On Seg, 27 Dez 2010, Stan Hoeppner wrote:
I built my folks a new PC last year (Athlon II X2 Rigor 2.8 w/ ATI north
bridge video) and got them a 24" Asus widescreen LCD to go with it. Dad
is 73 Mom is 68. Dad wears trifocals and Mom bifocals. No matter what
font size (WinXP) I selected, the native 1920x1080 panel res just didn't
work for them although it was perfect for me. I ended up setting the
res at 1280x720 with small fonts. It's not as sharp (to me) but perfect
for them, and they can't fathom how they got along with a 17" MAG CRT
for for the 5 prior years. Dad no longer has to lean forward and tilt
his head back simultaneously. I'm surprised the old 17" CRT didn't
cause a permanent craning of his neck.
Windows (at least XP, I'm not sure if Vista/7 changed that) suck a lot
in this regard (and others too, but I digress). Linux does much better.

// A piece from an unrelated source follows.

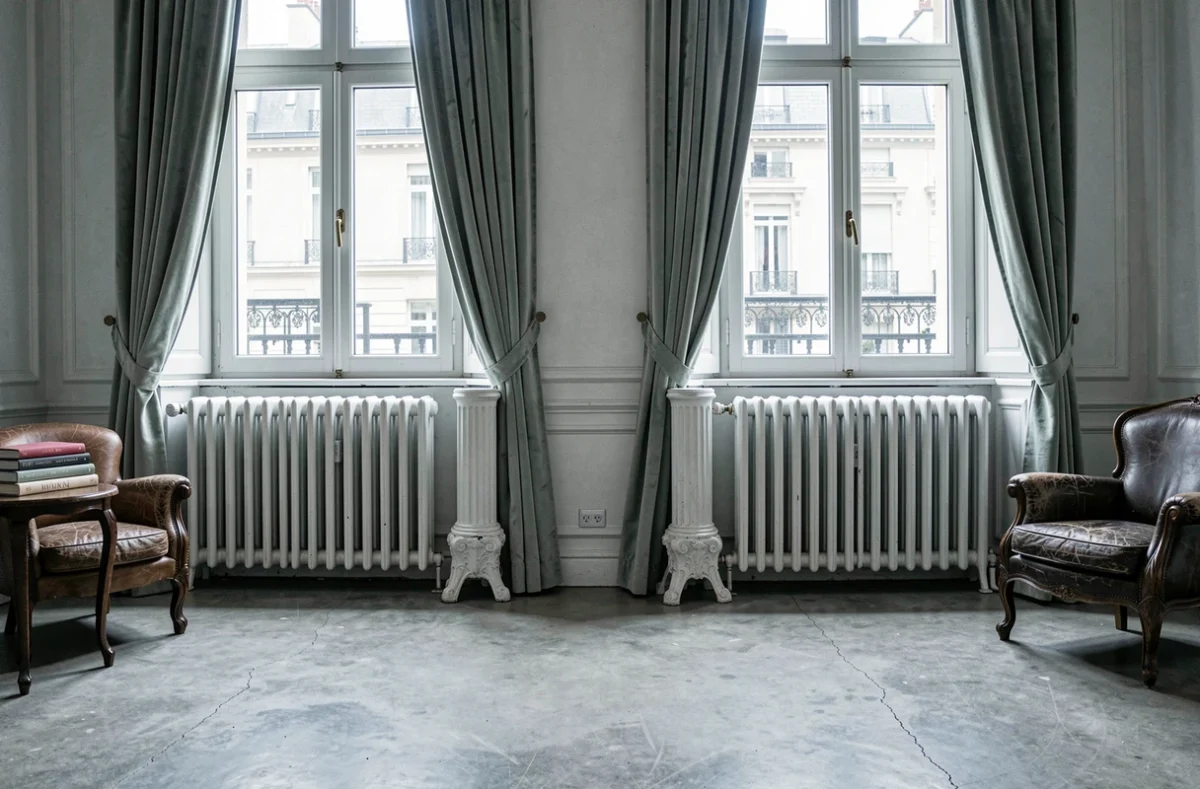 Vue grand angle d'un salon haussmannien rénové avec deux radiateurs anciens stabilisés par des pieds en fonte décoratifs sur un sol en béton ciré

I don't know how exactly it is done, but Linux takes into account the
actual size of the display (which is reported along its supported
resolutions) and not only the resolution to determine font sizes (and
maybe icon sizes or other dimensions of the visual UI, but I have not
experimented with that). So you get reasonably easy to read (for
people with good eyesight, at least) fonts at all displays, at all
resolutions. Under WinXP, if you use a high resolution, you get tiny
fonts.
--
Talk is cheap because supply always exceeds demand.